Be sure to upgrade to Windows Server 2012 R2 if you are on Windows Server 2012, since the deduplication is up to twice as fast.

We combine Windows Deduplication with Replacador to do the dedupe-aware replication of the deduplicated volume over the Internet or two an external drive.

The brand name deduplication appliances will be faster and sexier than using Windows Deduplication. They may have some features that you really want, particularly if you are using deduplication for other things besides backup files.

For deduplicating backups, Windows Deduplication is great, and it generally costs about a third as much as the leading entry level deduplication appliance.

You might even consider getting two deduplication appliances for each location, and clustering them.

The hidden value of deduplication

The term deduplication is generally used to refer to block-level hash-based processing of multiple data files to shrink them to the smallest possible representation on disk.

A unique cryptographic hash, such as the 20 byte long SHA-1, is calculated for each unique block of data. The block of data is then compressed and stored with a hash index, and a pointer to the index takes the place of the raw data.

The original data file is replaced by a set of ‘reparse points’ that are the indexes of the ‘chunk storage’ that contains the compressed, hashed blocks.

When you want to read the file again, Windows transparently reassembles the original blocks using the reparse points and the chunk storage.

Deduplication can be used with live data, but where it really shines is in the storage of backup files.

For example, if you take an uncompressed, raw backup file of 600 GB and deduplicate it, it might take 200 GB on disk, with most of the savings on the first day coming from the compression of the data.

When you take the next day’s backup of 600 GB, deduplication will replace most of the data with pointers to existing dedupe chunks, and the total new storage used might be 15 GB.

So a deduplicated volume that is 8 TB in size, might hold 200 TB of raw backups, or about 330  600 GB backups, at 25 to 1 deduplication rate.

Deduplication makes it feasible to keep many backup cycles online at your fingertips.

This is one of two reasons why companies have spent billions of dollars on deduplication appliances.

The second reason is the hidden benefit of deduplication.

Deduplication reduces the size of each new backup cycle’s data footprint to a fraction of the amount taken by a complete backup.

If a 600 GB backup is reduced to 30 GB of reparse points and new chunk storage, it suddenly becomes reasonable to replicate that data across the internet to a second deduplication volume. Or even a third, or a fourth.
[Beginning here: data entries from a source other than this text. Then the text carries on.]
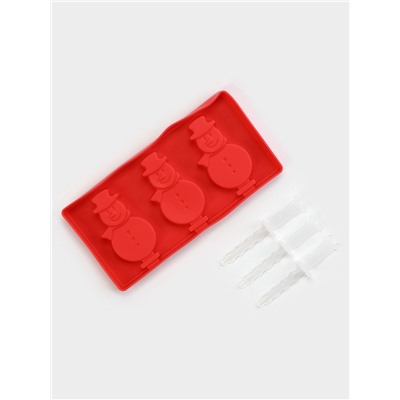 Форма для мороженого новогодняя Доляна «Снеговик», силикон, 18×9×2 см, 3 ячейки, с палочками, красная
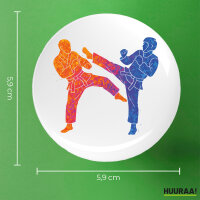 Button Taekwondo bunte Silhouette rund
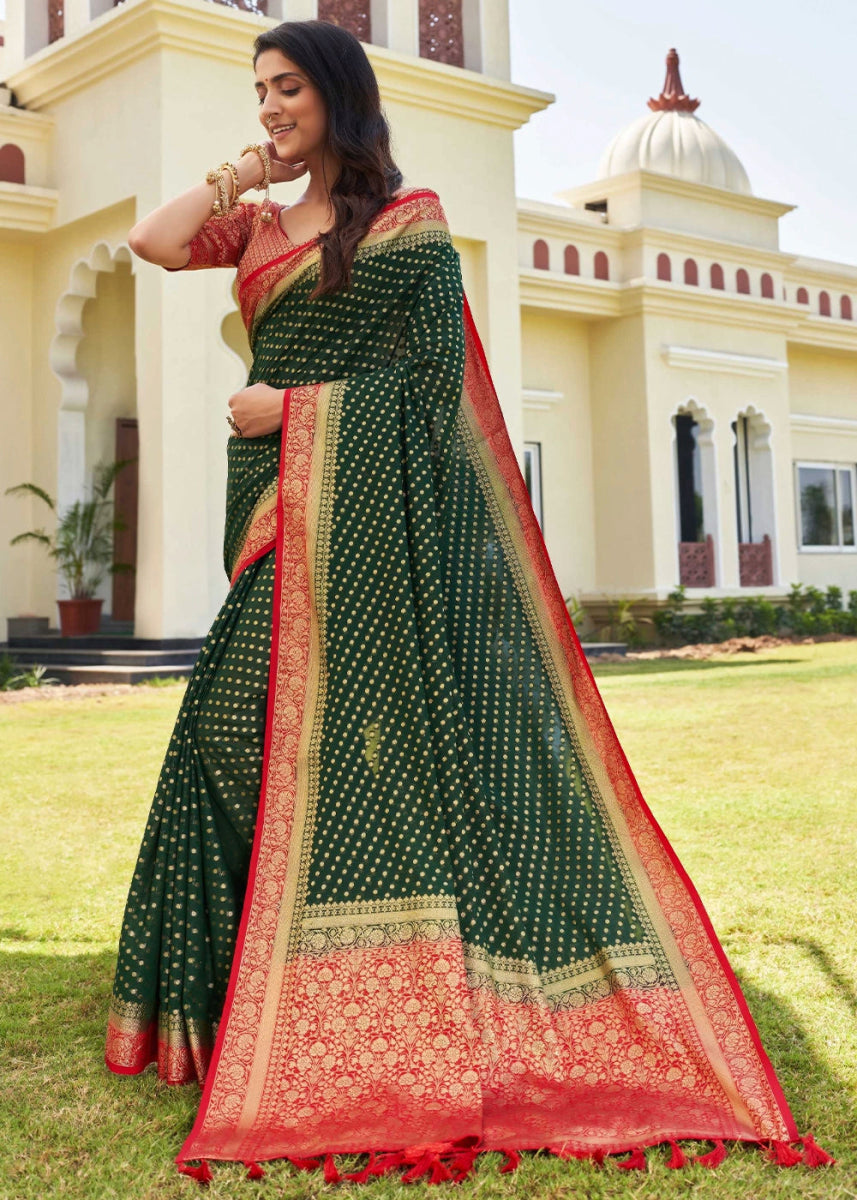 Brunswick Green Georgette Silk Saree with Ornate Zari Border & Pallu - House of Sarvati LLC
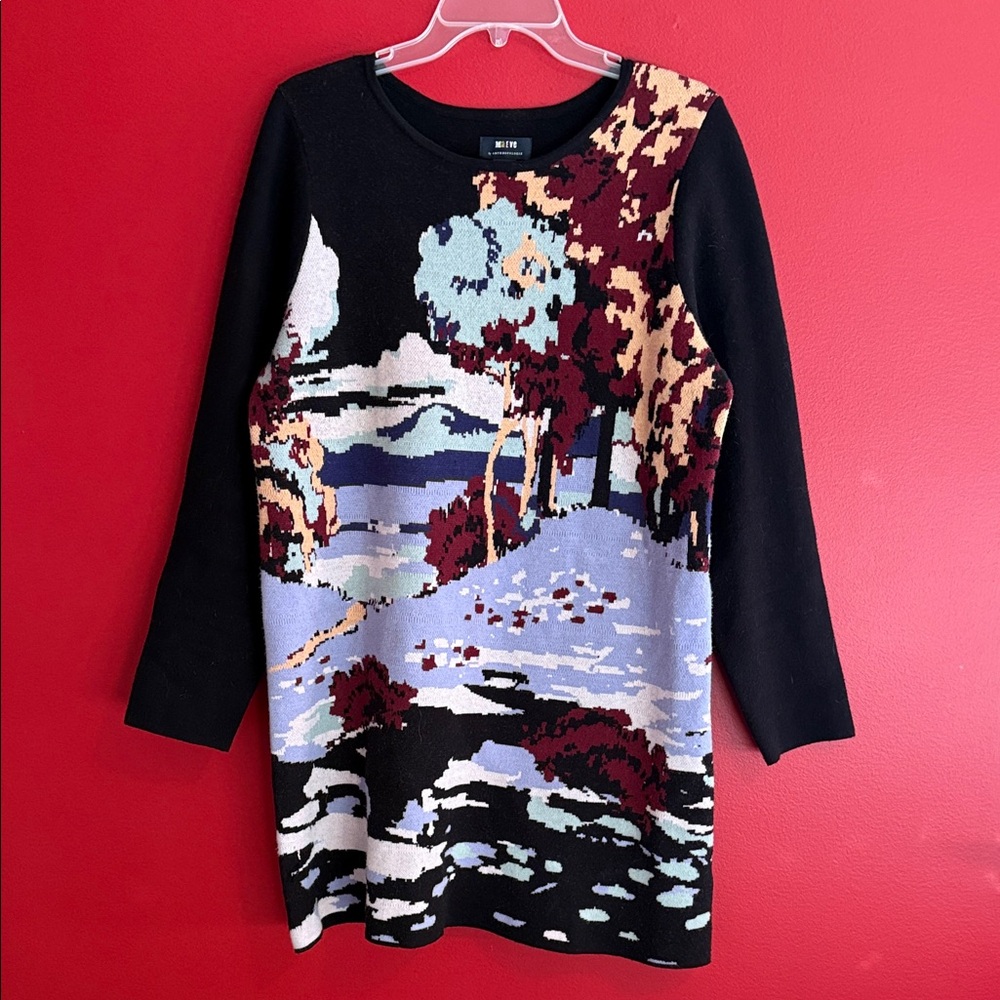 Maeve by Anthropologie Scenic Landscape Sweater Dress Sz L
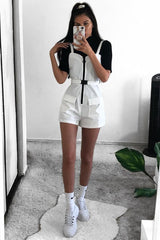White Plunge Belted Waist Sleeveless Playsuit - Kerstyn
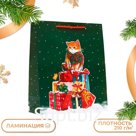 Пакет подарочный новогодний ламинированный «Салют », 26×32×12 см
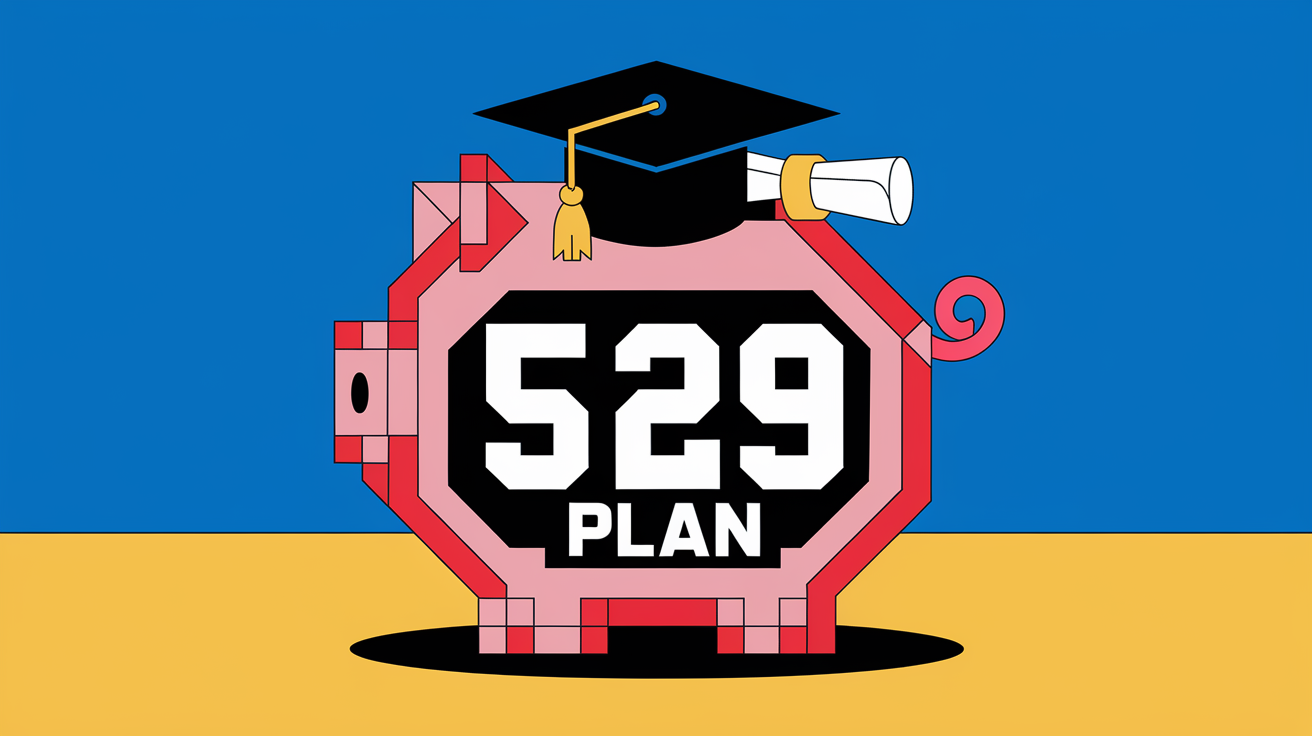 Block illustration of a piggy bank with a graduation cap, diploma, and "529 Plan" label, representing saving for education.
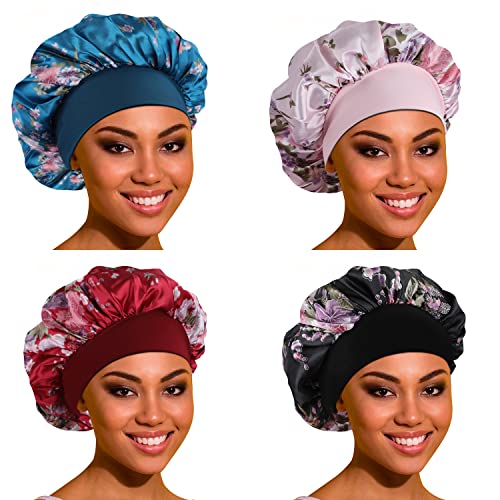 ROYBENS Satin Bonnet for Sleeping - 4 Pack Large Bonnets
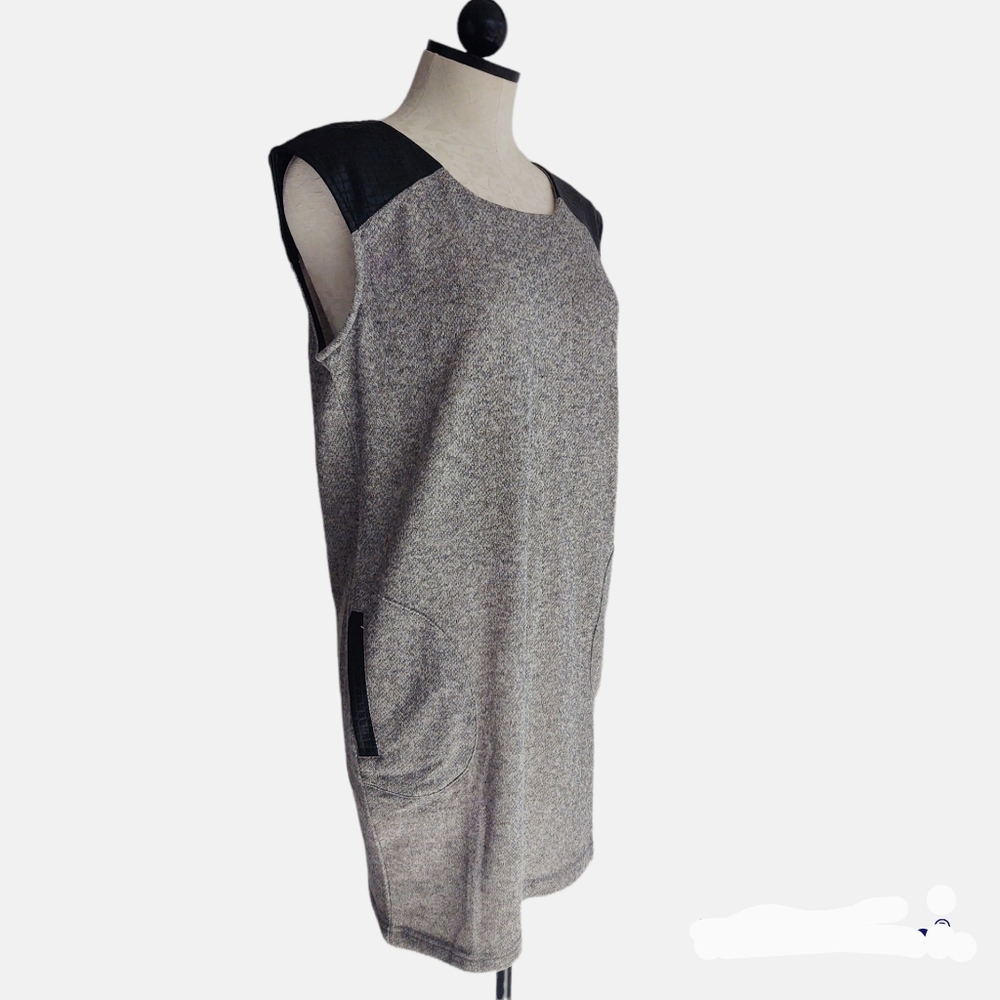 Very J Gray Dress Sleeveless Faux Leather Shoulders Side Pockets Bsck Zip Size L - Picture 5 of 10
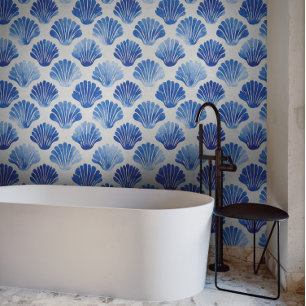Moderne Aquarellfarben Blue Seashells Costal Dekor Tapete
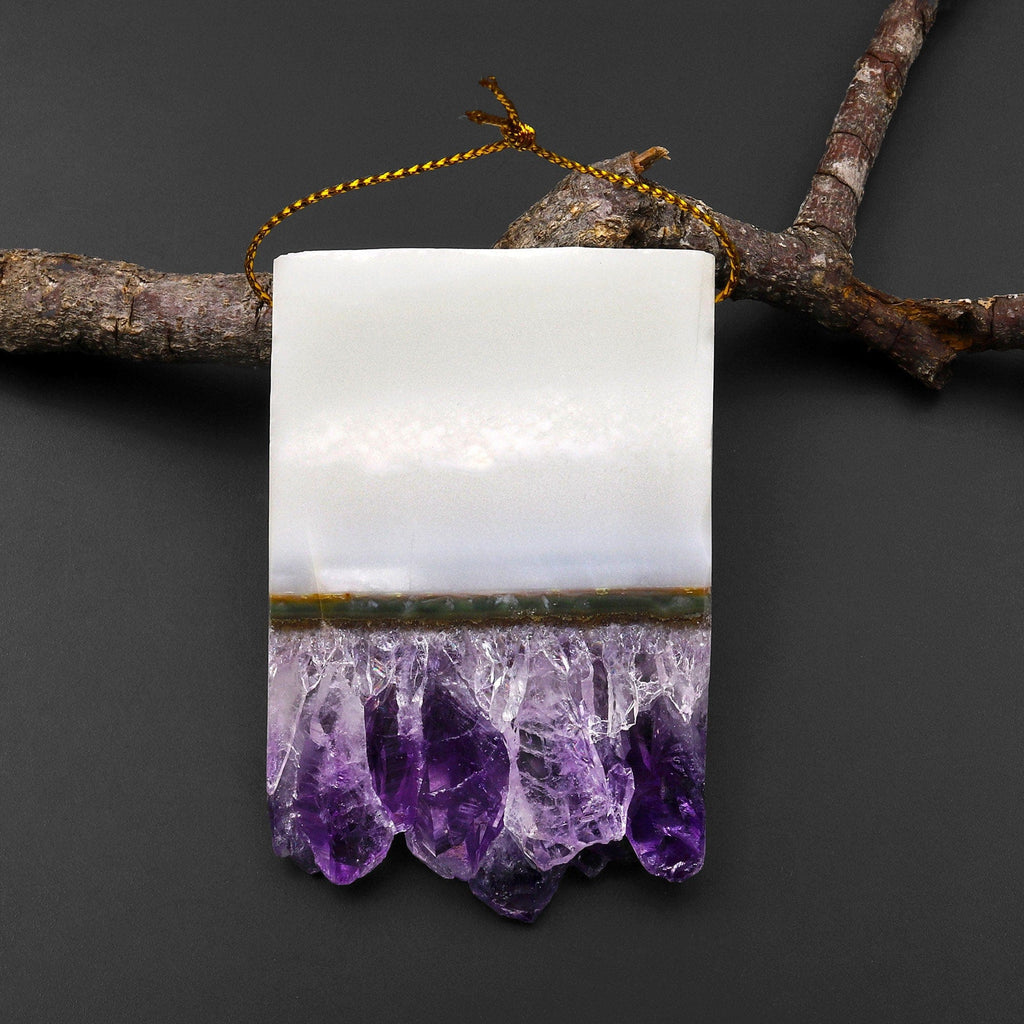 Large Natural White Purple Amethyst Stalactite Rectangle Pendant Flat Slice Side Drilled Freeform Crystal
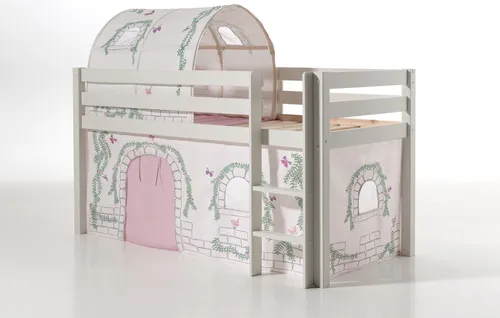 Spielbett >PINO< in Kiefer massiv weiß lackiert - 210x114x106 (BxHxT)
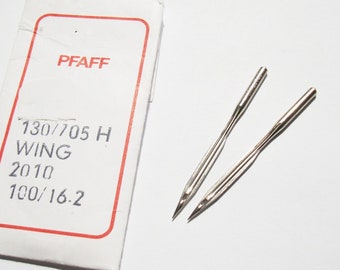 Set of 2 Pfaff WING NEEDLES Size 100/16-2 Type 130/705H Universal Sewing Machine Needles Cat No 2010 Hemstitch Heirloom Decorative Stitching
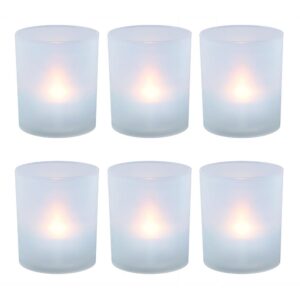 LUMABASE Flameless Votive Candles 2.25 in. Warm White Plastic Frosted Holders (6 Count)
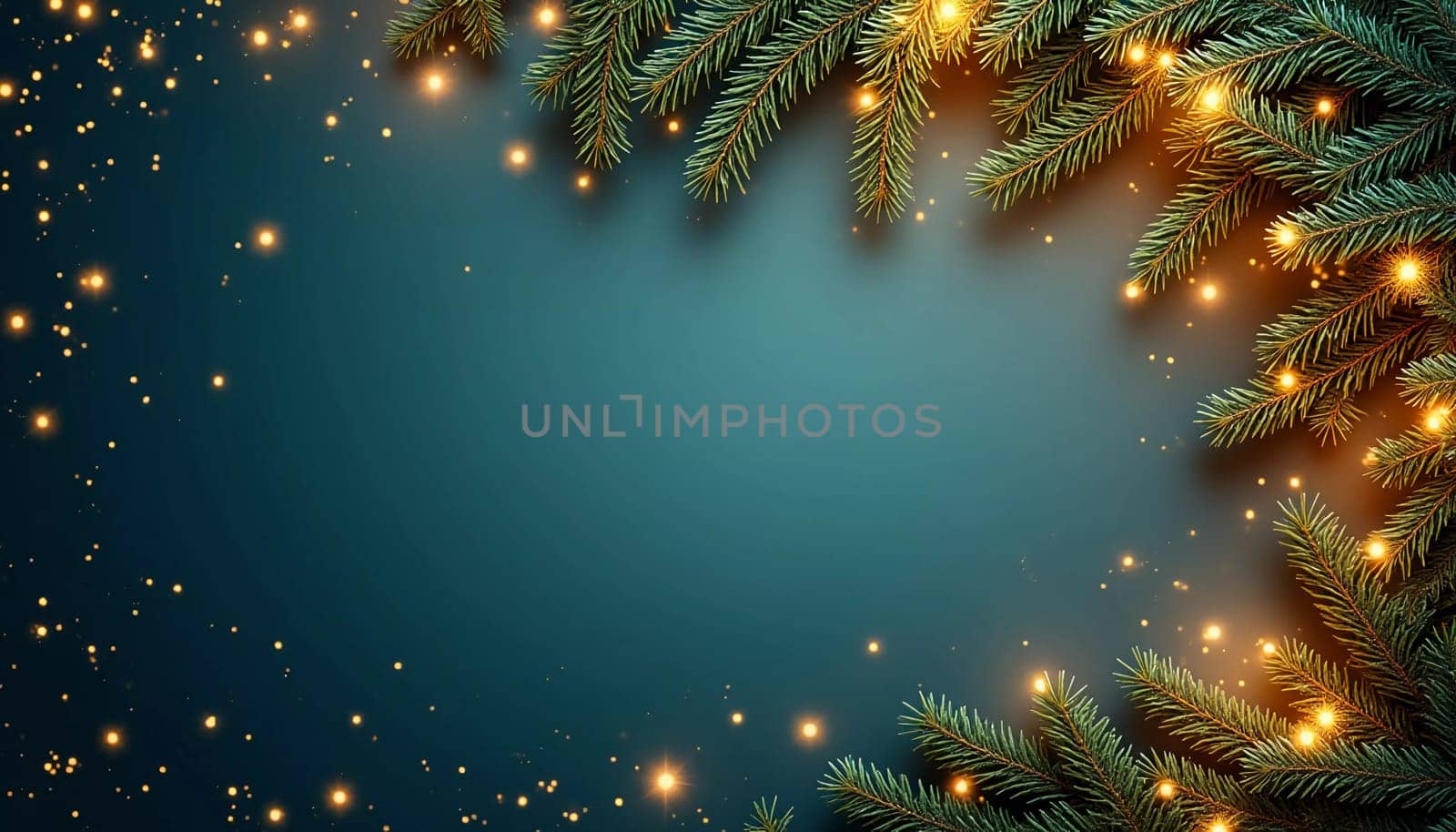 Fir tree branches frame a serene green backdrop, adorned with golden ornaments and stars, creating a warm, inviting atmosphere perfect for holiday festivities and celebrations. Generative AI.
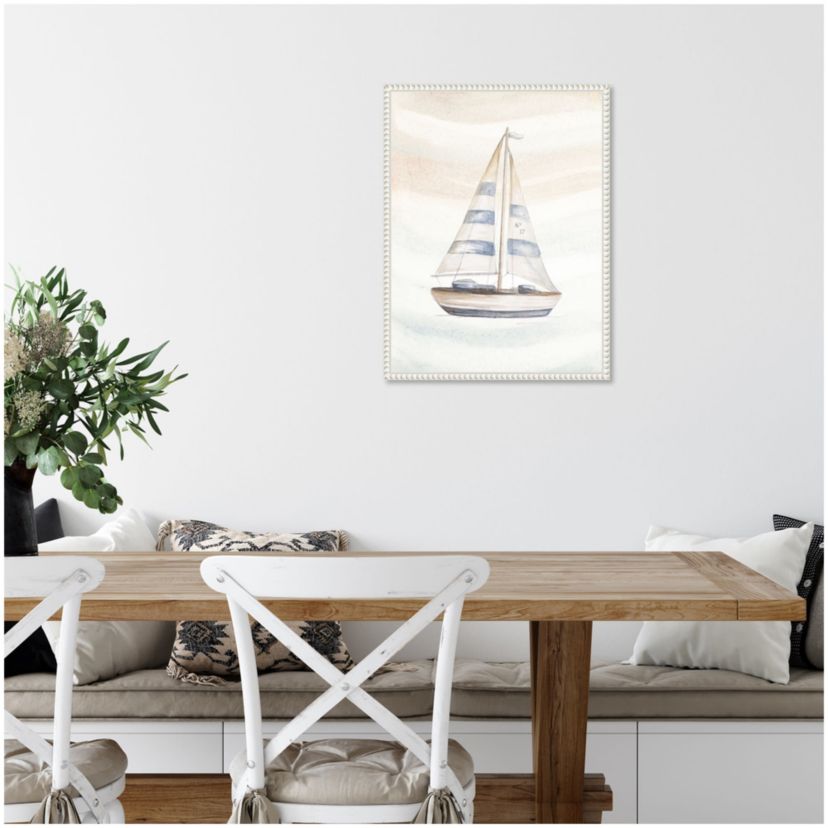 Ocean Oasis Little Sail I Framed Canvas Wall Art Print
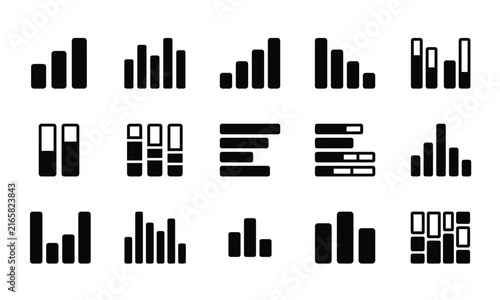 Collection of various black and white bar chart and graph icons for business data analysis and reporting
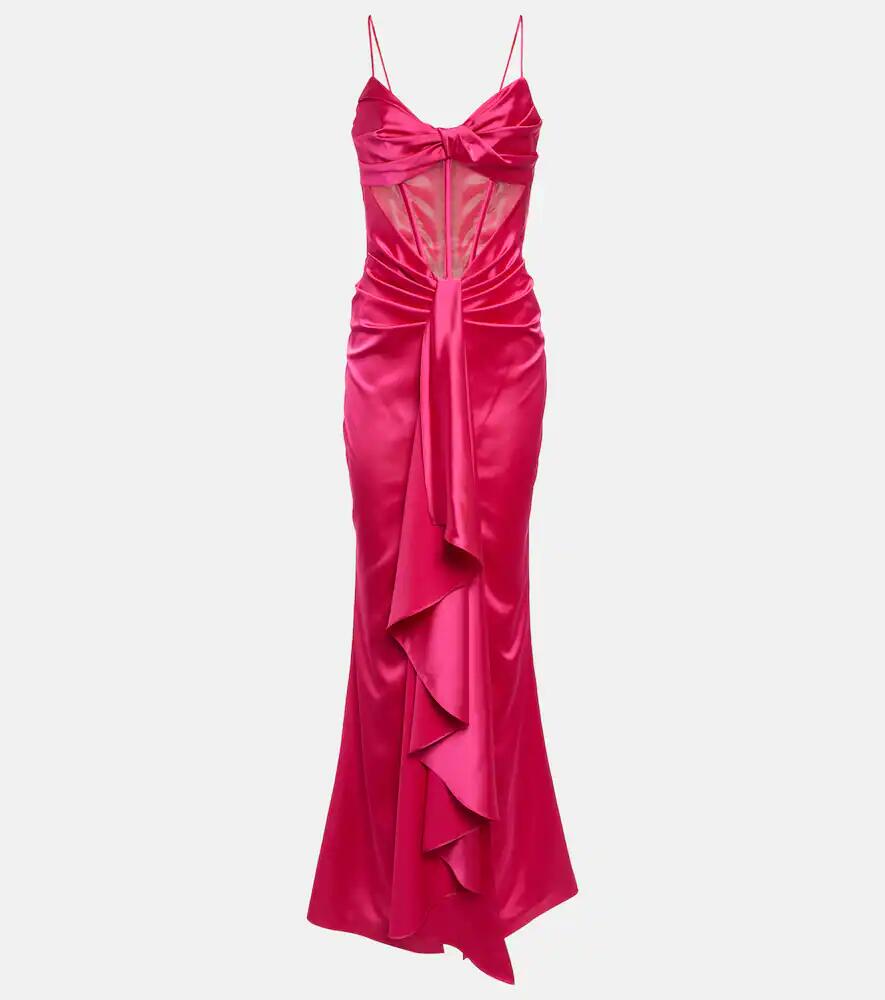 Rasario Draped corset satin gown Cover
Replication makes it possible to move just the changes to the offsite disaster recovery copy.

Windows Deduplication does not include replication, but there is a third-party solution called Replacador that runs the Windows Deduplication job and then replicates the changes across the Internet, a local area network, or to an external drive.

With the addition of replication, Windows Deduplication can offer the SMB a backup deduplication solution at a much lower price than a dedicated appliance.